The consensus view among economists and investors seems to be that economic growth will continue to slow in the second half of the year and that the Federal Reserve will continue raising interest rates.

You can count Bank of America strategists as part of that consensus. But first, have a look at investment flows.

In the week ended July 6, cash funds saw an inflow of $62.6 billion, some related to quarter-end, and bond funds saw an inflow of $2.4 billion, the largest in 14 weeks, according to BofA, citing data from EPFR.

Gold funds saw an outflow of $2.1 billion, the biggest since March 2021; and stock funds saw an outflow of $4.6 billion.

It’s hard to make much of one week’s activity. But bond prices rose in the week of June 27 amid concern about recession, so that could explain the inflow into bond funds.

A recession would also hurt stocks, and the deflation accompanying recession could hurt gold too. So that may explain the outflow for gold and stock funds.

“The simple truth remains that the second half of the year is most likely to be one of slowing growth and rising [interest] rates,” BofA strategists wrote in a commentary. The risk of a “credit shock remains high,” they said.

As for stocks, “bear markets end with a recession or an event that causes the Fed to reverse policy,” the strategists wrote. “We say the bear market is in summer hiatus,” with a range for the S&P 500 of 3,800 to 4,200. The S&P 500 closed July 8 at 3,899.
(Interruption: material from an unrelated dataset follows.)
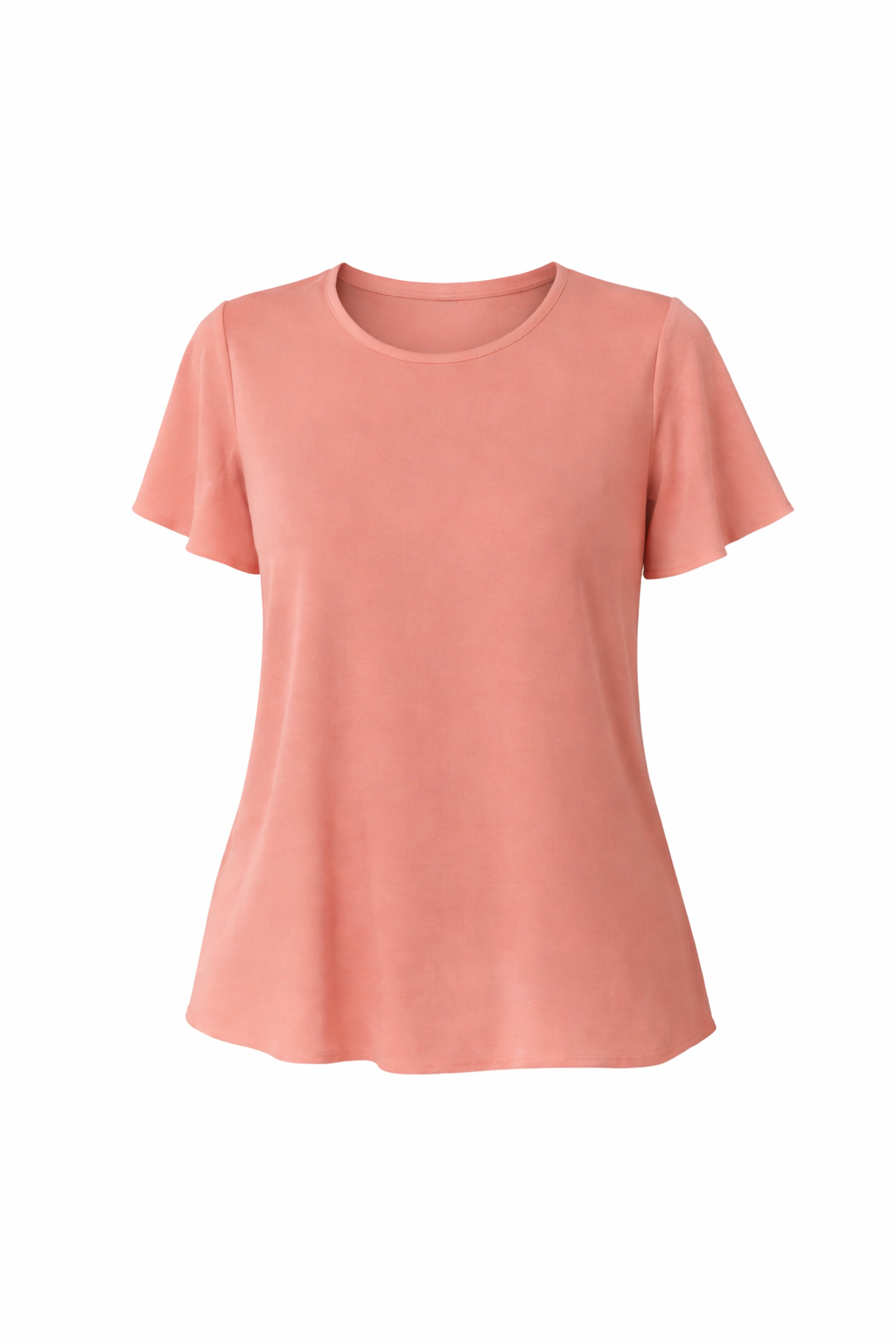 Coral Charm Button Sleeve Top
“The bear [market] ain’t over and the Big Low has yet to be reached,” the strategists said.

On the commodities front, “nominal [or inflation-unadjusted] U.S. GDP remains very strong, far too strong to call end to commodity bull market,” the strategists said. Unless, of course, Russia decides to end hostilities in Ukraine.

The S&P GSCI commodity index has soared 24% year to date.